We all know what the GAA is: the most Byzantine and perverse and brilliant social organisation ever dreamed up; at once revolutionary and comically conservative; the beating pulse of the country, ingenious at building stadiums and organising tens of thousands under-age competitions but chaotic when it comes to parking cars; fetishistic about the hidden pleasures of the ham sandwich; obsessed with the military running of local lotto draws; the chief sight and sound of the Irish summer; a nationally easy and safe conversation; the eruption of colour in towns like Thurles and Clones on a given Sunday; an escape; a day out; a million cups of tea.
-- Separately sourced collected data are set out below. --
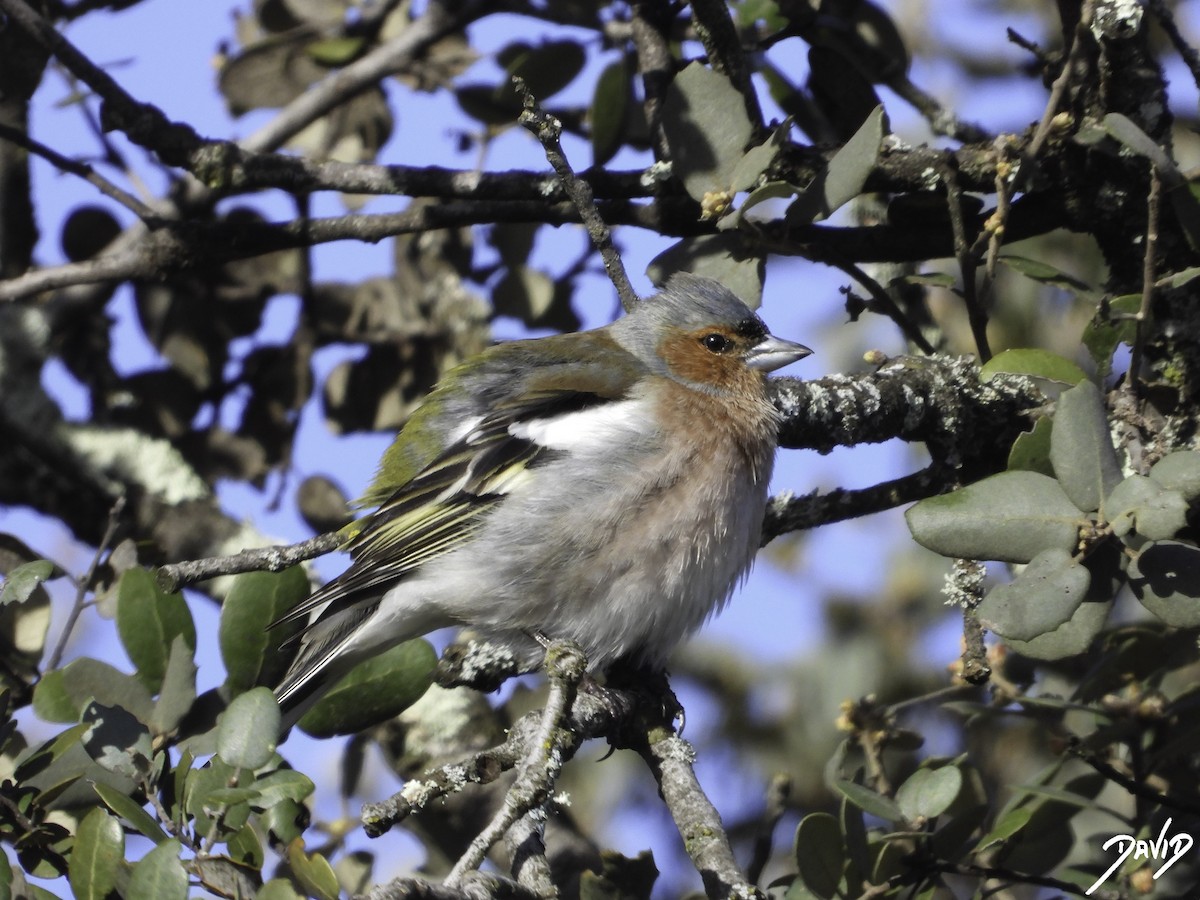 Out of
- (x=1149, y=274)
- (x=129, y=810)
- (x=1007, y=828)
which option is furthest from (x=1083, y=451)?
(x=129, y=810)

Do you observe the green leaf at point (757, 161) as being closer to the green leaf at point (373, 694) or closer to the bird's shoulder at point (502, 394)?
the bird's shoulder at point (502, 394)

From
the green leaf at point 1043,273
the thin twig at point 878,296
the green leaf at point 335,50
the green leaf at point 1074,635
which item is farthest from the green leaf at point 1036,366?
the green leaf at point 335,50

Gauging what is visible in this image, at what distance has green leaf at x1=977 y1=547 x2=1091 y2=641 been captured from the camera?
7.75 ft

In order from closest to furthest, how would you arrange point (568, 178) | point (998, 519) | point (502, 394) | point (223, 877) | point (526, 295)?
1. point (223, 877)
2. point (998, 519)
3. point (568, 178)
4. point (502, 394)
5. point (526, 295)

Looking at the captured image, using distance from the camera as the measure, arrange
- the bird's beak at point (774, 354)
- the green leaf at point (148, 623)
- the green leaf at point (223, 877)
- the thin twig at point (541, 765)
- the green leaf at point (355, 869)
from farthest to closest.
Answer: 1. the bird's beak at point (774, 354)
2. the green leaf at point (355, 869)
3. the green leaf at point (148, 623)
4. the green leaf at point (223, 877)
5. the thin twig at point (541, 765)

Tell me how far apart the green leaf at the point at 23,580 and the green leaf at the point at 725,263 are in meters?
1.73

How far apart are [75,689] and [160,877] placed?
770 mm

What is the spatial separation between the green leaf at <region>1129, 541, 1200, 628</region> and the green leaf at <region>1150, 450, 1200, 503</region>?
4.4 inches

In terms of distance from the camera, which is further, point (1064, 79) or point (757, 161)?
point (757, 161)

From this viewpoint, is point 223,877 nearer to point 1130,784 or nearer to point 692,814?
point 692,814

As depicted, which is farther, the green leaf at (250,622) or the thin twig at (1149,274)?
the green leaf at (250,622)

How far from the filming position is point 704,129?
134 inches

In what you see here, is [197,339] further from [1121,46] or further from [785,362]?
[1121,46]

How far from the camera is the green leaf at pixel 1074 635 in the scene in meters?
2.57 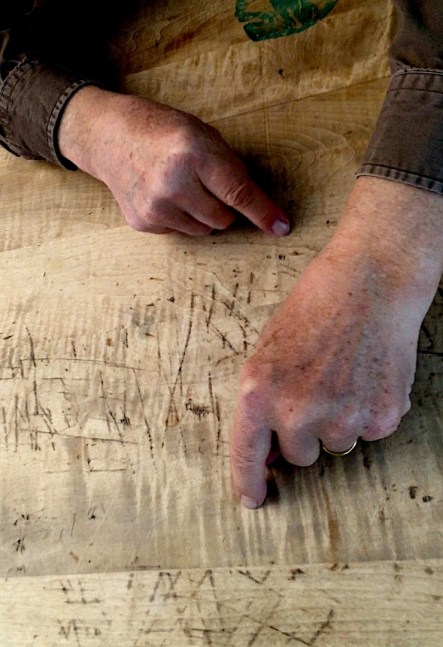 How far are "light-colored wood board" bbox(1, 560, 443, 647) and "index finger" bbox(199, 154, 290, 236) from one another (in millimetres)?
427

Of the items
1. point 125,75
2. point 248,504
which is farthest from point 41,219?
point 248,504

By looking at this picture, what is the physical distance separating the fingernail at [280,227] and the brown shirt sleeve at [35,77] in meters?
0.37

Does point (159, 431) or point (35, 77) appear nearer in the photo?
point (159, 431)

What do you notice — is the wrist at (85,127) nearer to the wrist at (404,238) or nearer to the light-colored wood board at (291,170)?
the light-colored wood board at (291,170)

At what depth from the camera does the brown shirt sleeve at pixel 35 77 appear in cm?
90

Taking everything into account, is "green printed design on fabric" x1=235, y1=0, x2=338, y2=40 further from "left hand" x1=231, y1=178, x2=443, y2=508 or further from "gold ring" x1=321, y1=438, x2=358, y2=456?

It’s Ciarán Carey and Michael Donnellan running from the half-back line and into Irish folklore; it’s an organisation that almost demands uniformity but therefore reveres the few who dare to stand out and damn what the world thinks (Nazdarovya, wherever you are, Ciarán McDonald); the reassuring sense of all being okay with the world whenever the 40- year old theme tune to the Sunday Game comes on television

It’s Ó Muircheartaigh’s timeless rhapsodies and the never-failing awkwardness – the sternness – of a debut player accepting his man of the match award on television, it’s an Association that becomes unapologetically aroused by the clauses and subclauses and by-rules of its own rule book; it’s the pride of the parish, the soul of the county.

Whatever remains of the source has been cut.